The machinery isn’t lying to the operator. It’s showing them a pre-processed image and labeling it what’s out there.
HOW THE WEIGHTING WORKS
The system runs prediction to save energy. Re-deriving reality from scratch every moment would be ruinously expensive, so the hardware guesses ahead — anticipating the next input based on the last thousand. When the input matches the guess, it passes through cheaply. When it doesn’t, the system tends to round it toward the guess anyway.
The result is a stack of predictable distortions. Information that confirms the existing model gets waved through; information that contradicts it gets scrutinized, discounted, or missed. Vivid recent events get over-weighted; slow statistical truths get under-weighted. The Projection entry covers one specific version — the system painting its own contents onto another person. The Assumptions entry covers another. Bias is the general case: the thumb on the scale that’s always there, in every reading, before judgment even begins.
None of this feels like distortion from the inside. It feels like seeing clearly. That is the defining property of the mechanism — a biased reading and an accurate reading produce the identical sensation of just looking at the facts.
THE HOW — WORKING AROUND A SYSTEM YOU CAN’T TURN OFF
The bias can’t be deleted. It’s structural. But the operator can build correction into the process.
To detect a likely distortion: watch for the reading that arrives instantly and feels effortless, especially about a person or group, especially when it’s flattering to the operator’s existing position. Speed and comfort are the tells. The system serves up confirming data fast and frictionlessly. Disconfirming data, if it surfaces at all, arrives slow and with resistance. When a conclusion feels obvious and good, that’s the moment to check — not because it’s wrong, but because the machinery’s ease is not evidence.
To correct, run the opposite query on purpose. The system has already gathered everything that supports its view. So ask the question it skipped: what would I expect to see if the opposite were true — and is any of that actually present? This is not pretending the contrary is correct. It is forcing the apparatus to retrieve the data it filtered out. Most of the correction is just making the system look at what it declined to load.

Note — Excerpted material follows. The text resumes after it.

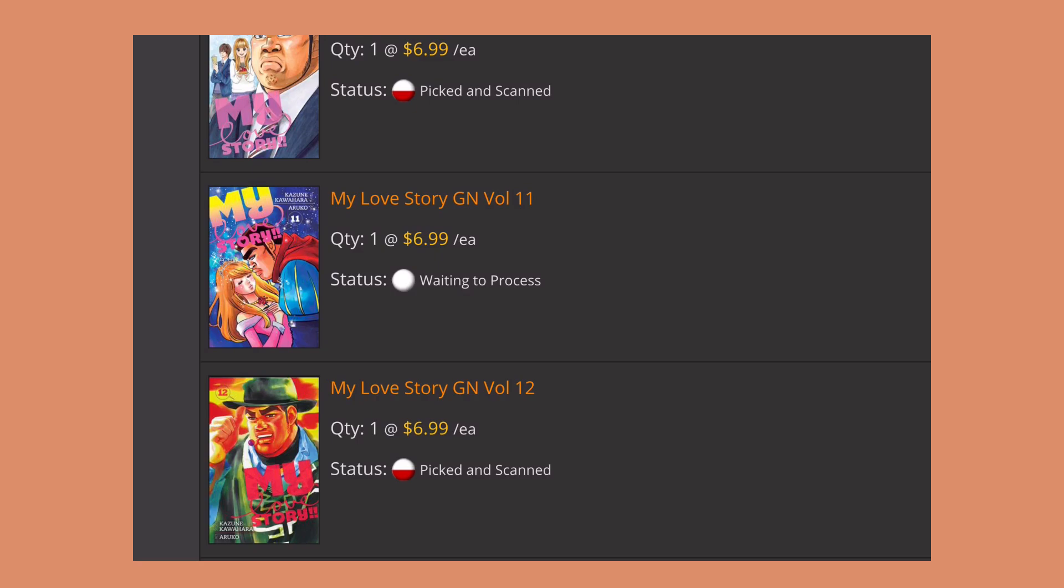But they never sent me any email about that Yowamushi Pedal volume 12 or my Silver Spoon volume 12. I never got an email or anything, I just got that slip in the package. I'm curious why this time they emailed me in a really timely manner. They didn't string along the package for over a month. I mean it's not shipped yet, but I can cancel this and order volume 11 from Amazon right now if I want to.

For the high-stakes readings, outsource the check. Bias is hardest to see from inside the system running it. Another operator, looking at the same situation without the same priors, can often spot the thumb on the scale that’s invisible to the one whose scale it is. Asking is not weakness. It’s the only external instrument available for an internal distortion.
THE OPERATOR’S POSITION
The wiring will keep pre-weighting every perception. It was built to, and the build is not changeable.
What changes is the operator’s relationship to their own certainty. The one who knows the readings come pre-shaped holds conclusions more loosely — not abandoning judgment, but tagging it: this is the model’s best guess, with the model’s known lean baked in. That tag is the entire upgrade. It doesn’t make the system unbiased. It makes the one in the chair stop mistaking the model’s confidence for the world’s truth.
The image on the panel is always edited.
The operator’s job is to remember there was an editor.